Some of you may have already guessed the inspiration for the title of Vivian’s radio show and Book #1 – THE DARKNESS KNOWS. It comes from the intro to The Shadow radio show:
Who knows what evils lurks in the hearts of men? The Shadow knows!
The Shadow is the crime-fighting alter ego of Lamont Cranston who has the ability to “cloud men’s minds so they can not see him”. Orson Welles played title role at the show’s inception in 1937, but he left the show in 1938. The radio version ran until 1954 with four more actors portraying Lamont during the run.
Listening to this now, I can see that this show influenced the fictional The Darkness Knows radio show in my series more than any other actual radio show – even though it’s not a “detective show” per se. This is also always the show people bring up when I talk old time radio with them.

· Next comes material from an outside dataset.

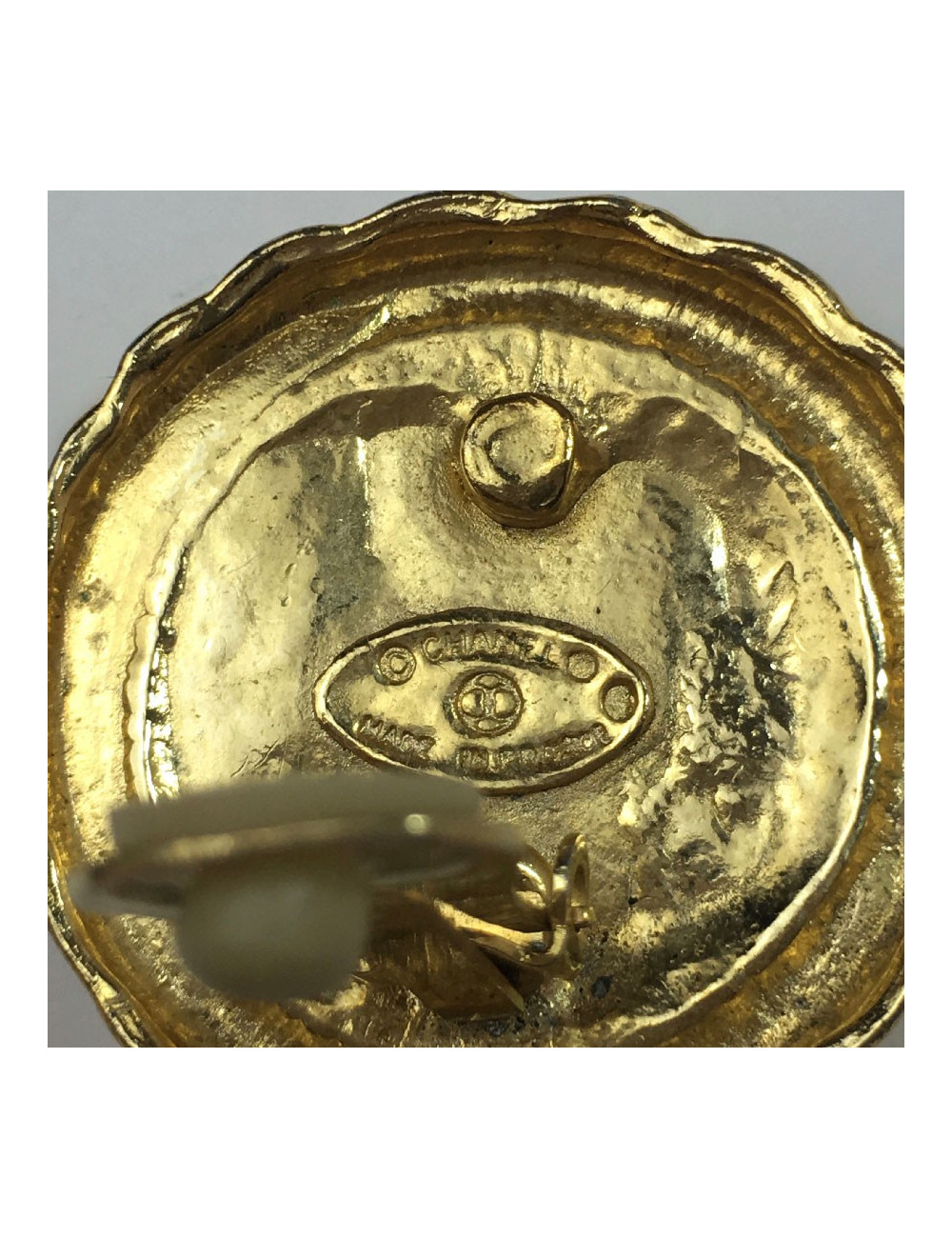 Boucles d'oreille clips CHANEL  dorées et émaillées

Everyone seems to know The Shadow…
Ray Bradbury grew up in Waukegan, IL and there’s a storytelling festival each year around Halloween that honors him. I went to it a few times, and it’s excellent. I think Bradbury’s short stories are particularly well-suited to radio and that’s where I first heard most of them. I’m sharing two of my favorites today (because I couldn’t pick just one).
“The Ravine” is the first episode of the show Bradbury 13 from the early 1980s. The fictionalized ravine is based on a very real one in Waukegan. Waukegan itself was fictionalized often as “Green Town” in Bradbury’s stories. This story is chilling. There are 13 episodes in this series and all are fabulous.
“Zero Hour” is a Suspense episode from April 5, 1955 is chilling in an entirely different way. I don’t want to give anything away except that it’s very 1950s, and the main character is a seemingly sweet little girl named “Mink” (which I love).
Lights Out is one of my favorite shows. It was a pioneer of horror/sci-fi and was originally produced in Chicago (and Harold Peary of Great Gildersleeve fame, star of last week’s post, guested on it a few times). Lights Out began in 1934 to as “a midnight mystery serial to catch the attention of the listeners at the witching hour.” True to that aim it aired at midnight and soon switched to an anthology format with new stories presented for each program. Lights Out almost certainly inspired The Twilight Zone.
I have so many favorite episodes, but this one stands out as especially creepy. “It Happened” aired May 11, 1938. It’s the story of a girl trapped in the catacombs under Paris – and that’s all I’m going to tell you. (Despite the name of the show, you might want to listen to this one with the lights on.)